Ancient Egyptian Glass Djed Pillar - Rare - Gustave Jequier (1868-1946)
Rare and beautiful multicolour ancient glass Djed pillar. This symbol of Osiris god of the underworld was a potent symbol of regeneration and was made to accompany the dead on to its journey. What the form represents is unknown to this day. It could represent a leafless tree, a pole a spine. Eventually the common belief was that it represented the backbone or spine of the god Osiris.Dates to the Roman Period. Top part re-glued. Measures 1 .7 inches in height.
Provenance: Collected by Gustave Jéquier (1868-1946)
Ex. Billy Jamieson Collection, 2009 (1954-2011)
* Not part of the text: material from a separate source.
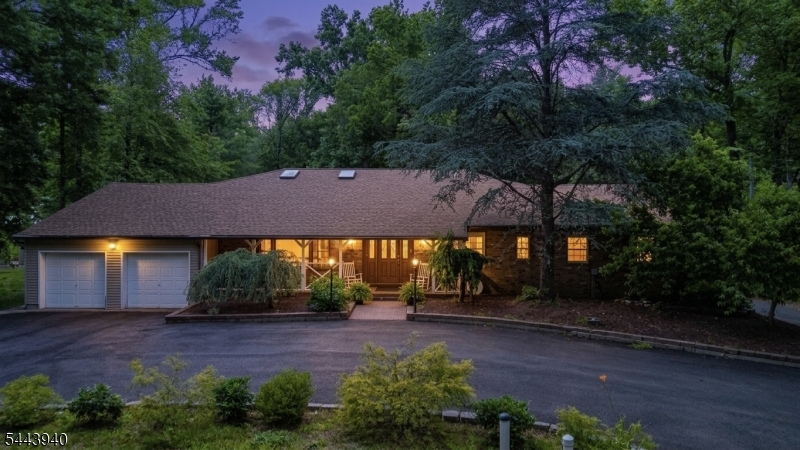 109 Fresh Ponds Rd Property Photo 1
Authentication: Gayle Gibson, Royal Ontario Museum Toronto
Galleria Delvecchio .… “is pleased to present a collection of Egyptian antiquities assembled by the celebrated Swiss Egyptologist Gustave Jéquier. Jéquier was born in 1868 in Neuchatel. He first studied in Paris under Gaston Maspero (1846-1916) and later went to Berlin before joining the de Morgan expedition to Persia, during which time he contributed to the discovery and decipherment of the code of Hammurabi. Gustave Jéquier was a giant in the field of Egyptology whose contributions are far too numerous to list here. He is best known for his association with the French Institute in Cairo which enabled him to engage in seminal research at the pyramid site of the Old Kingdom. He also completed the work begun at Abydos by his Swiss compatriot, [Henri] Eduard Naville (1844-1926). The two are considered to be Switzerland’s most preeminent Egyptologists. One of Jéquier’s most important discoveries was the 13th Dynasty pyramid of Khendjer. He wrote extensively on his history of Egyptian architecture, and published on philology and religion as well. Gustave Jéquier died in 1946 in the city in which he was born, and most of his collection was acquired by the University of Basel. The works of art presented here were given to a sibling who emigrated to the US in the late 1940’s; the collection later passed to their daughter, Jéquier’s niece.”